RPC Agent: “Error running RPC agent Error: Server error when fetching query: 503” (Same version as older post)

1) My goal:
To run the RetoolRPC agent without encountering recurring errors when fetching queries from Retool.

2) Issue:
I’m receiving this error dozens (sometimes hundreds) of times per hour during normal operation:

Error running RPC agent Error: Server error when fetching query: 503. Retrying...
0|RetoolRPC  |     at RetoolRPC.fetchQueryAndExecute (file:///home/raul/RetoolRPC/node_modules/retoolrpc/dist/rpc-f78d3d6d.mjs:482:19)
0|RetoolRPC  |     at process.processTicksAndRejections (node:internal/process/task_queues:95:5)
0|RetoolRPC  |     at async loopWithBackoff (file:///home/raul/RetoolRPC/node_modules/retoolrpc/dist/rpc-f78d3d6d.mjs:229:28)
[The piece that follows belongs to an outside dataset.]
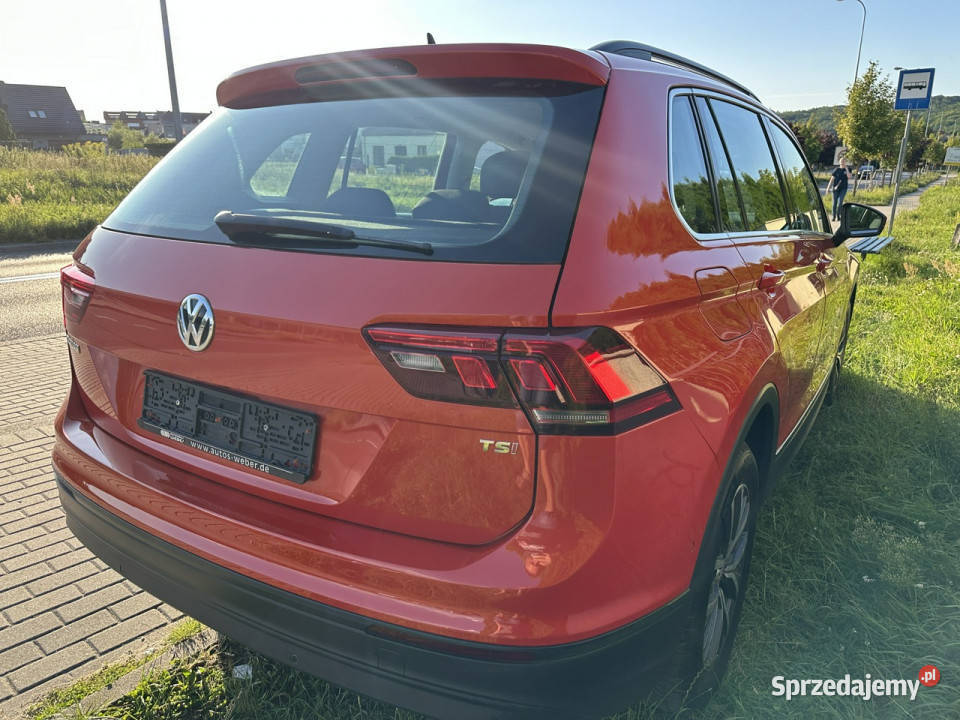 Volkswagen Tiguan Symboliczny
The polling timeout error (5000ms) still happens occasionally, but the 503 is far more frequent — it's spamming logs at an unreasonable rate.

3) Steps I've taken to troubleshoot:

  • Verified this is not a fresh install; I'm using the same version mentioned in this related post.
  • No modifications have been made to the retoolrpc package — it’s running with all default settings.
  • Network seems functional: The RetoolRPC agent is still able to successfully trigger scripts in my codebase, despite the recurring errors.
  • Confirmed with IT that all recommended IPs have been temporarily whitelisted:
    35.90.103.132-135
    44.208.168.68-71

4) Additional info:

  • Environment: Cloud Retool
  • RetoolRPC version: Same as used in this post
  • Running Method: same behavior whether I use node main.js directly or run it through pm2.
  • Network: To my knowledge, there's no proxy or firewall intentionally blocking outbound HTTP/S traffic
  • Traceroute results:
    I ran traceroutes to all the relevant IPs; all stall beyond mid-hop (most end with only * responses)
  • Retool connectivity: The script is still able to communicate with Retool normally outside of the RPC error, which makes me question if it's truly a connectivity issue.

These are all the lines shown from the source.